This latter case is depicted in FIG. 13 where a viewer 1301 is viewing content 1303 displayed on a display surface 1305 from a position that is not perpendicular to the display surface. A consequence of this is that the viewer's perception 1307 of what is being displayed appears distorted to the viewer 1301. Referring to FIG. 14, a solution to this problem, according to embodiments of the present invention, comprises transforming the displayed content to create the opposite distortion so that when viewed from a position that is not perpendicular to the display surface 1305, the perception 1407 of the distorted displayed content 1403 appears undistorted to the viewer 1301.


The solution according to embodiments of the present invention comprises three stages:

    • i. Referring to FIG. 15a, in the first stage, a three-dimensional (3D) display 1501 (i.e. a virtual screen which can be managed as a 3D object) is created from the original source content as it is expected to be viewed.
    • ii. Referring to FIG. 15b, the 3D display is then transformed (e.g. translated t, rotated ro, resized rs (as necessary)) to fit within the viewing cone 1503 of the viewer 1505 for the current position of the viewer 1505. (Referring to FIG. 16, a viewing cone 1601 defines the positions where the viewer's perception of the transformed content appears undistorted.)
    • iii. Referring to FIG. 15c, the transformed 3D display 1507 is then projected onto the display surface 1509.



FIG. 17 depicts that undistorted perception of the content can be obtained by any linear transformation of the 3D object that hides the viewing cone in any direction before projection (i.e. any linear transformation that corresponds exactly to the viewing cone.) The result of the projection of any linear transformation of the 3D display that hides the viewing cone is always the same, i.e. the intersection of the viewing cone with the display surface. This is depicted in FIG. 18a. The choice of the transformation, therefore, has no impact on the viewer and is typically chosen so that the center of the base of the viewing cone intersects with the display surface (as depicted in FIG. 18b) and this is typically achieved by a combination of regular transformations such as rotation, translation and resizing.



FIG. 19 depicts that the direction of the viewing cone defines the position of the projected transformed 3D display on the surface, which directly impacts the viewer as there are some directions that would hide (partially or perhaps totally) the projected display (e.g. portion 1901 is depicted as hidden). The appropriate direction for the projection is typically the one that causes the simplest transformation.
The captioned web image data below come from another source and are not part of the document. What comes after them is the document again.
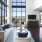 a living room with a large window
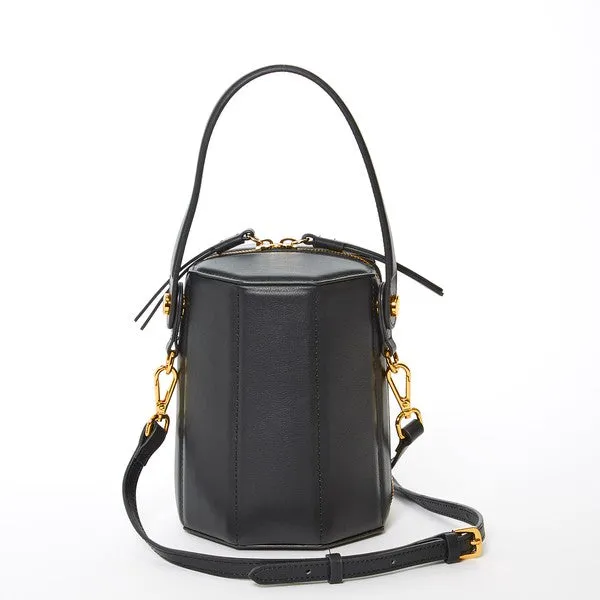 Black Harper Orange Leather Bucket Bag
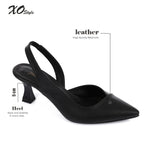 Black Pointed-Toe Slingback Heels
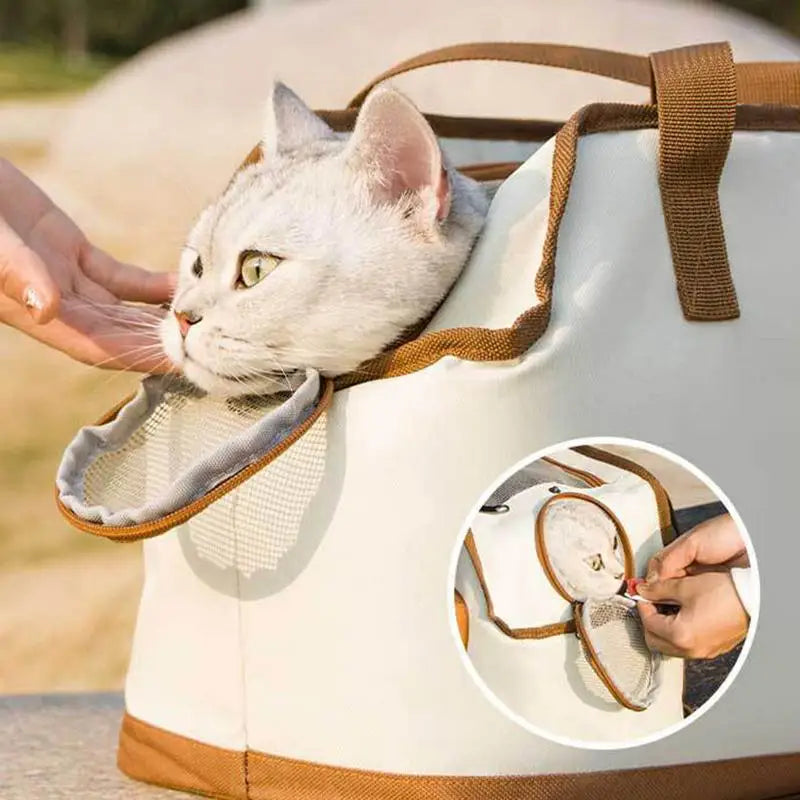 Sturdy Pet Carrier Well-Ventilated Travel Bag for Small & Medium Pets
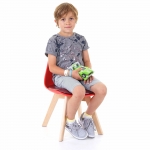 Set 2x sedie per bambini HWC-E81 ecopelle plastica rosso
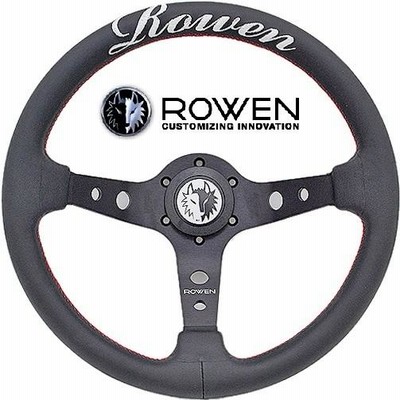 ROWEN　ステアリング　33Φ　新品　ブラックレザー　レッドステッチ　ATC ROWEN ステアリング 33Φ 新品 ブラックレザー レッドステッチ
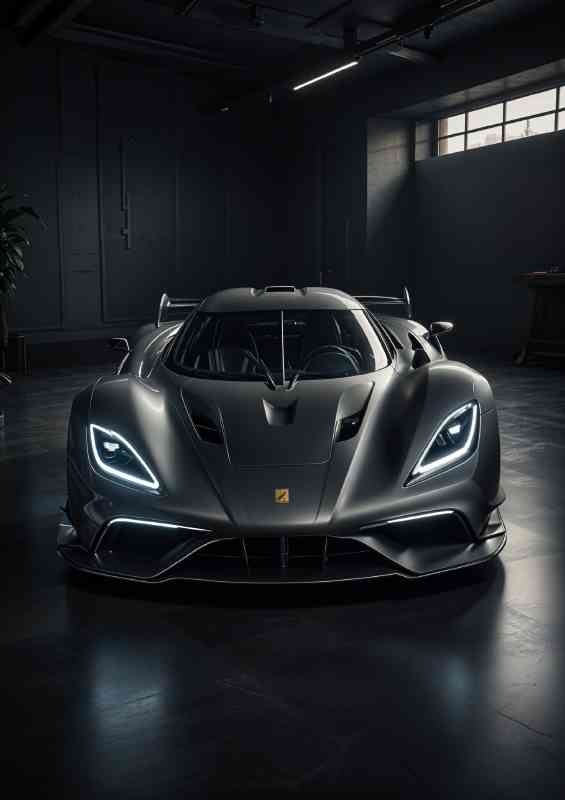 Futuristic looking Koenigsegg Jesko hypercar dark and moody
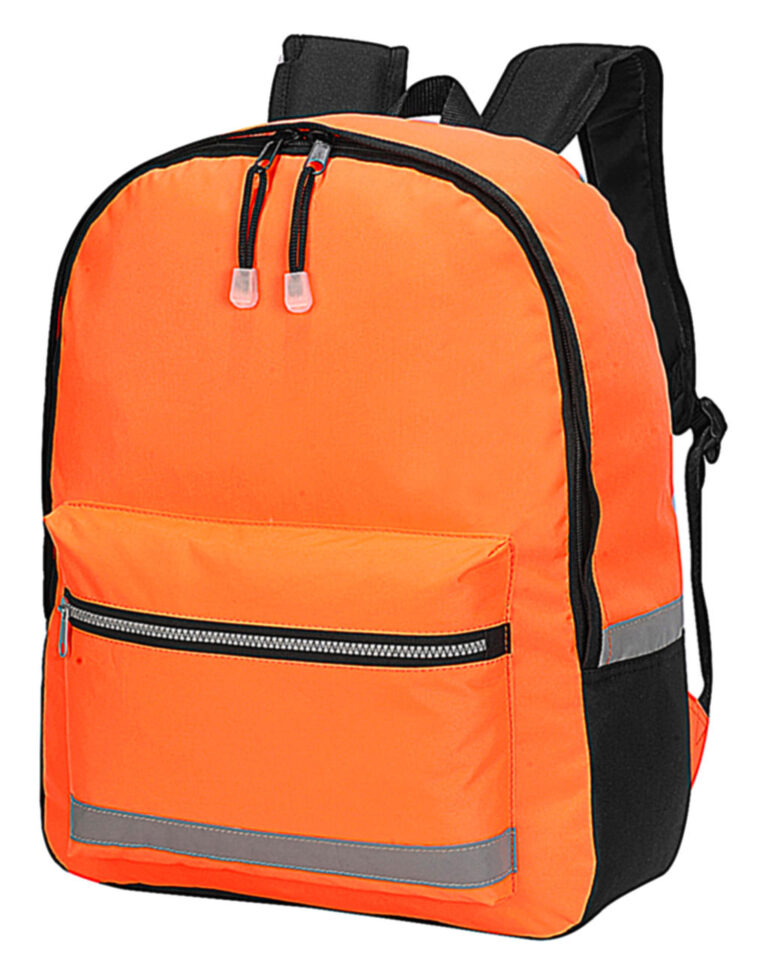 τσάντα πλάτης ανακλαστική με δύο θήκες σε χρώμα πορτοκαλί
Two further concepts will now be introduced: the triangle of perpendicularity and the disc of conservation.


Referring to FIG. 20, the triangle of perpendicularity 2001 is defined by the triangle formed by the cone of viewing and the display surface 2003. An undistorted perception 2005 of the content can be obtained for any position within the triangle using only a translation and resizing of the 3D display.


Referring to FIG. 21, the disc of conservation 2101 is defined by the circle that intersects with the corners of the triangle of perpendicularity 2001. An undistorted perception 2103 of the content can be obtained for any position within the disc 2101 (and outside the triangle 2001) using translation, resizing and rotation of the 3D display.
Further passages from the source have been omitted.